_RECORDS TO USE_.
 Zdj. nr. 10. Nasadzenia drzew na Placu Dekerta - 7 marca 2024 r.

...

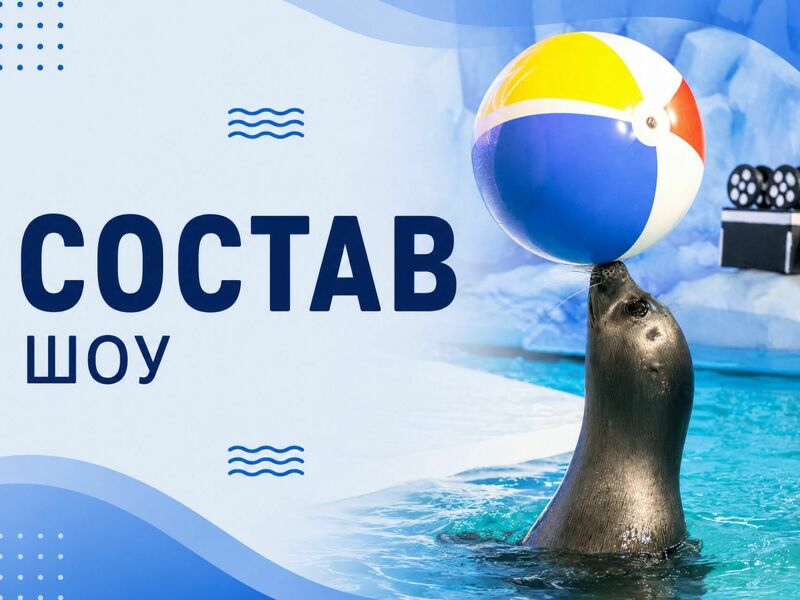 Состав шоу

==

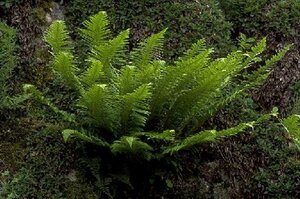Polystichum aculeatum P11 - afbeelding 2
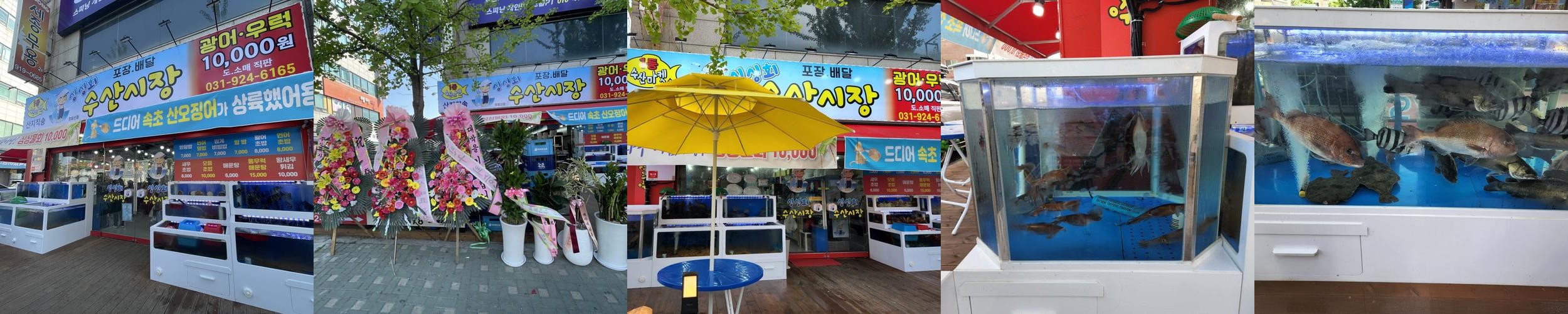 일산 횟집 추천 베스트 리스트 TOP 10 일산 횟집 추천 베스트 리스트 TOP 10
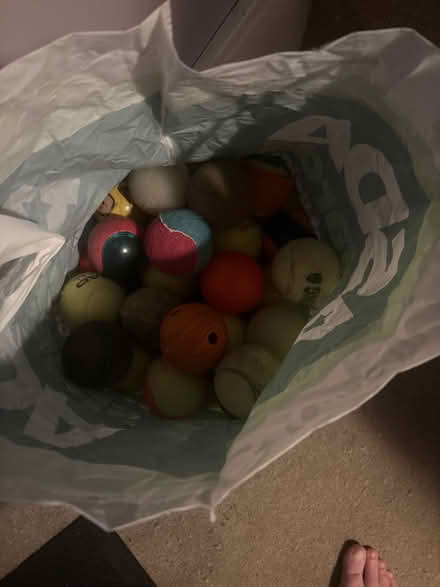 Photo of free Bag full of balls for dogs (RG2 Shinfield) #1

_TASK_. Print exactly, with no pictures, the lines above from the one that holds "일산 횟집 추천 베스트 리스트 TOP 10 일산" through the one that holds "Photo of free", both of them included.

_TASK ANSWER_.
 일산 횟집 추천 베스트 리스트 TOP 10 일산 횟집 추천 베스트 리스트 TOP 10
 Photo of free Bag full of balls for dogs (RG2 Shinfield) #1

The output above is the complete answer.